Pictures with short captions:
++++++++

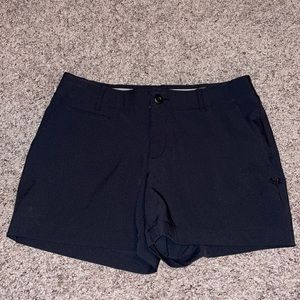 UNDER ARMOUR Ladies Golf Shorts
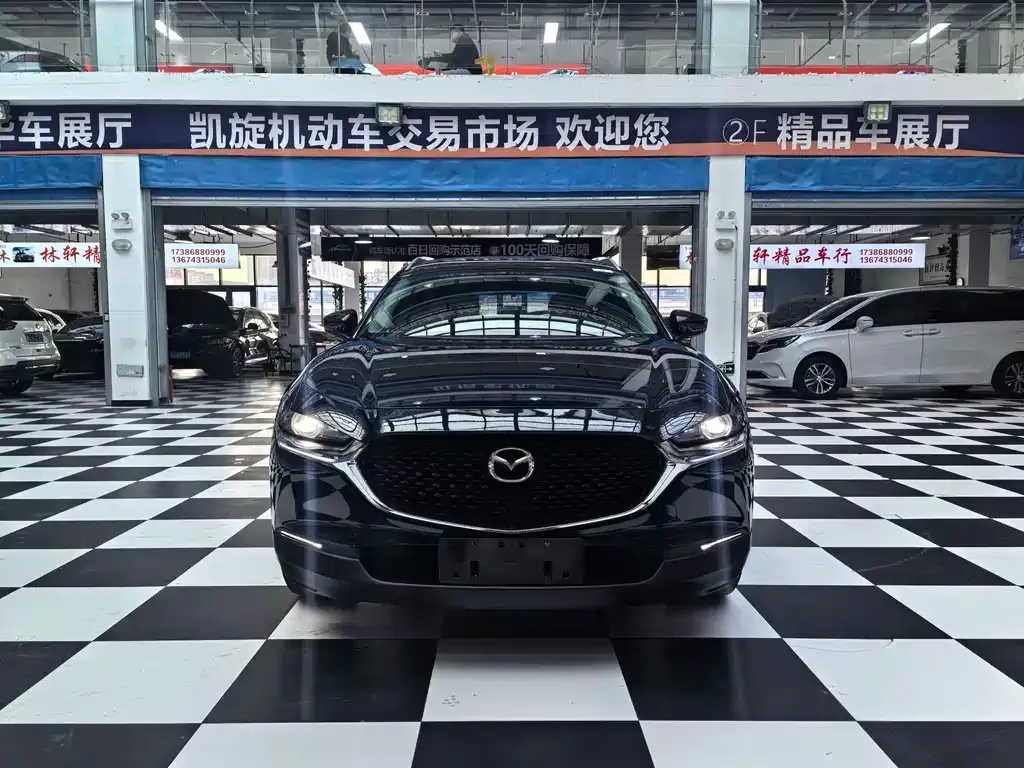 Mazda CX-30 2022 из CN, фото 2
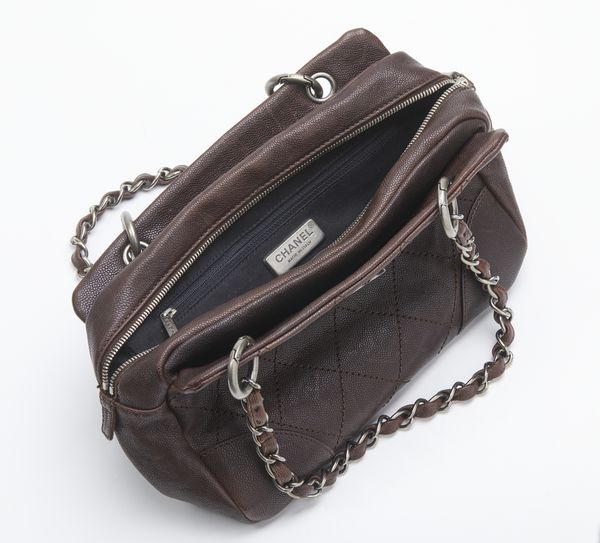 CHANEL : Chanel CC Outdoor ligne, borsa a spalla in pelle marrone.  - Asta 04/05/2023 | FASHION LUXURY - ALTA MODA, BORSE E ACCESSORI DI LUSSO Online - Associazione Nazionale - Case d'Asta italiane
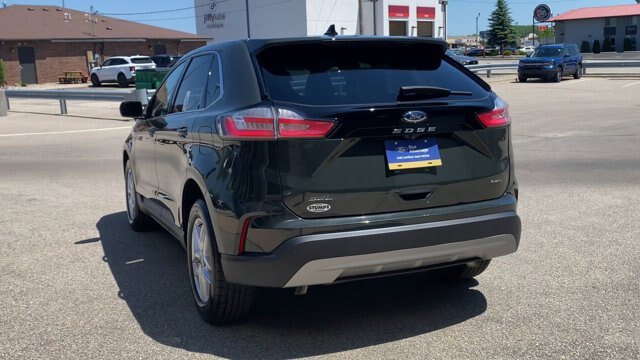 Certified 2024 Ford Edge SEL w/ Convenience Package AWD/4WD image 8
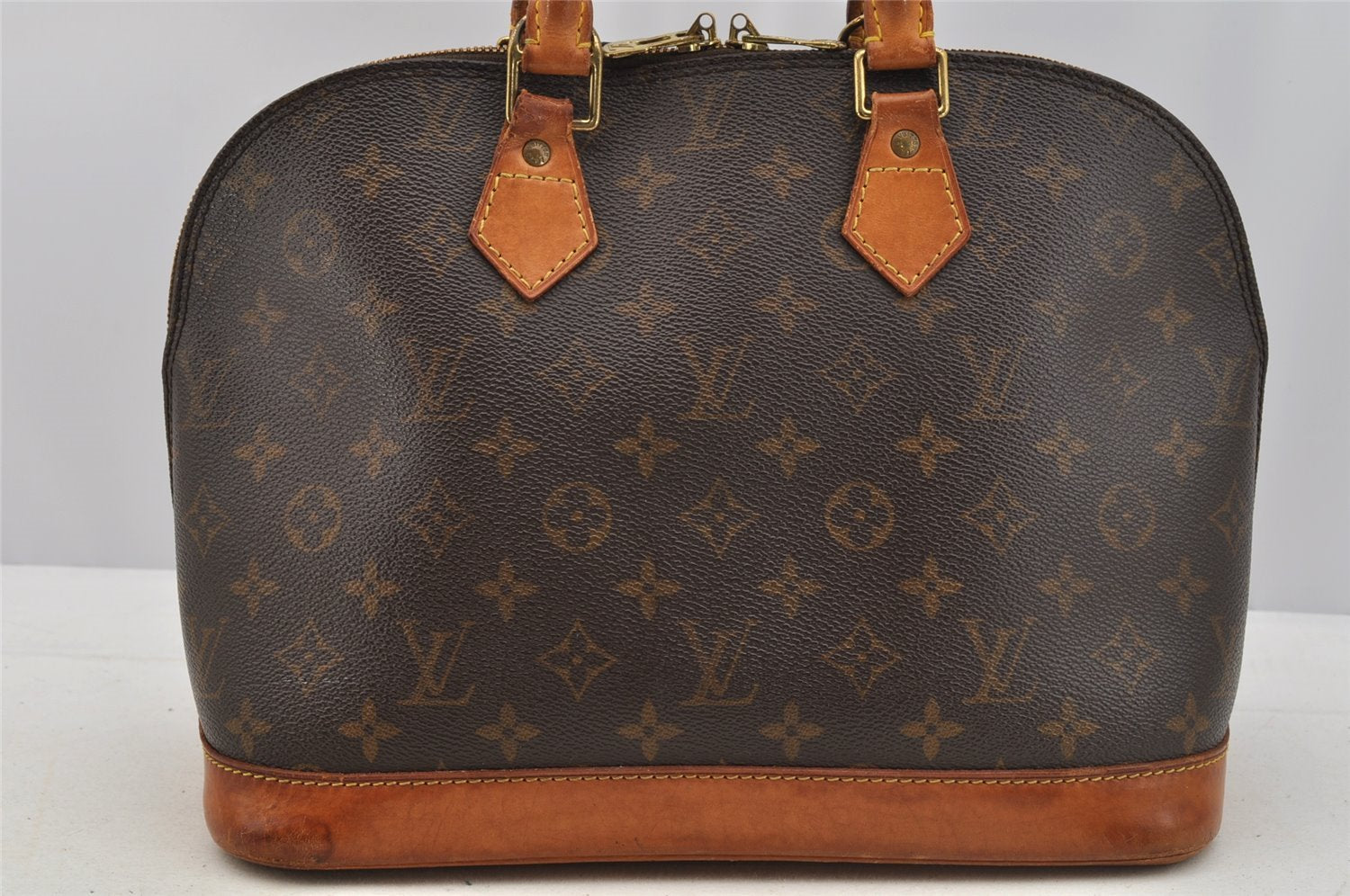 Authentic Louis Vuitton Monogram Alma Hand Bag Purse M51130 LV 6976I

++++++++

Task details
Could you please repeat the entries above exactly, with every picture left out?

Task answer
 UNDER ARMOUR Ladies Golf Shorts
 Mazda CX-30 2022 из CN, фото 2
 CHANEL : Chanel CC Outdoor ligne, borsa a spalla in pelle marrone.  - Asta 04/05/2023 | FASHION LUXURY - ALTA MODA, BORSE E ACCESSORI DI LUSSO Online - Associazione Nazionale - Case d'Asta italiane
 Certified 2024 Ford Edge SEL w/ Convenience Package AWD/4WD image 8
 Authentic Louis Vuitton Monogram Alma Hand Bag Purse M51130 LV 6976I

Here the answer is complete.